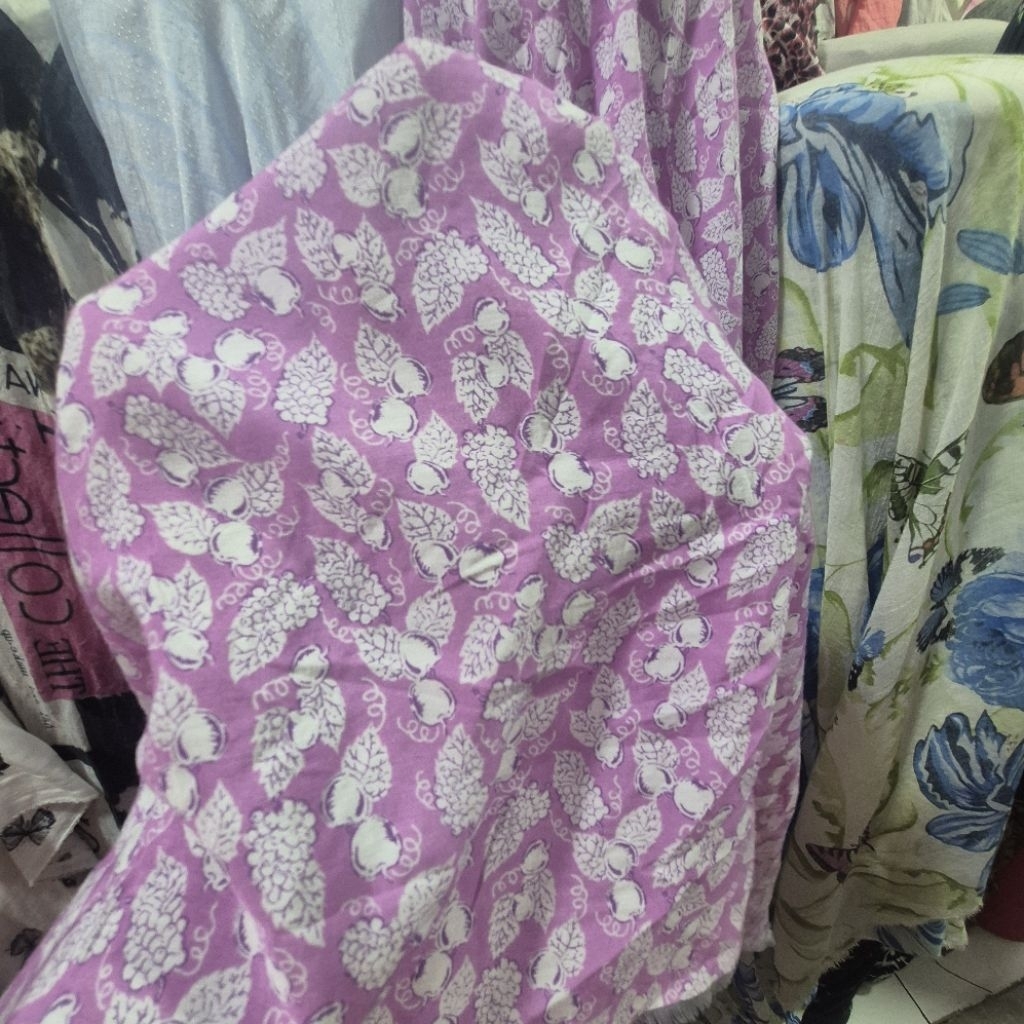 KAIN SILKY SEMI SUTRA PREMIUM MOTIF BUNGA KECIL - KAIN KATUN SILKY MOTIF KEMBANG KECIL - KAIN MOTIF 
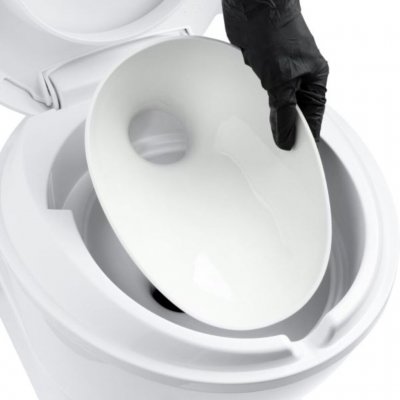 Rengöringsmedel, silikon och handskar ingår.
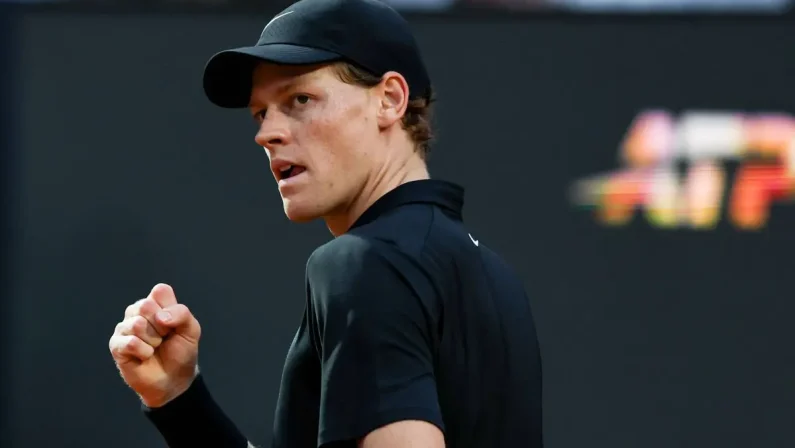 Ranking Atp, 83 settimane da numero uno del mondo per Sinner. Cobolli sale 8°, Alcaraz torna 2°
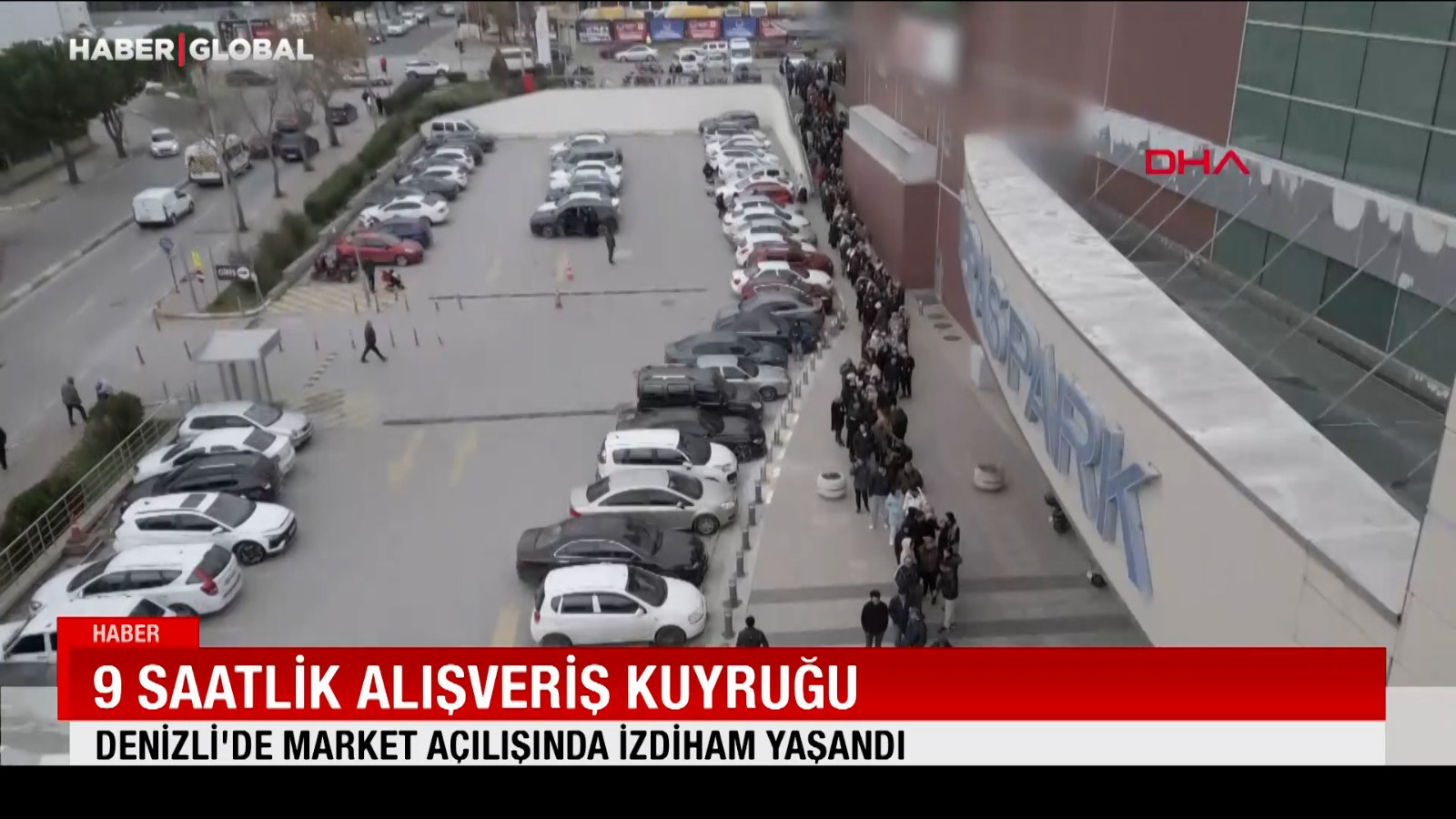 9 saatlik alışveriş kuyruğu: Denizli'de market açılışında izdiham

--------------------

PROBLEM STATEMENT — Set the whole listing down again unchanged, apart from the pictures, which are omitted.

ANSWER BELOW —
 KAIN SILKY SEMI SUTRA PREMIUM MOTIF BUNGA KECIL - KAIN KATUN SILKY MOTIF KEMBANG KECIL - KAIN MOTIF 
 Rengöringsmedel, silikon och handskar ingår.
 Ranking Atp, 83 settimane da numero uno del mondo per Sinner. Cobolli sale 8°, Alcaraz torna 2°
 9 saatlik alışveriş kuyruğu: Denizli'de market açılışında izdiham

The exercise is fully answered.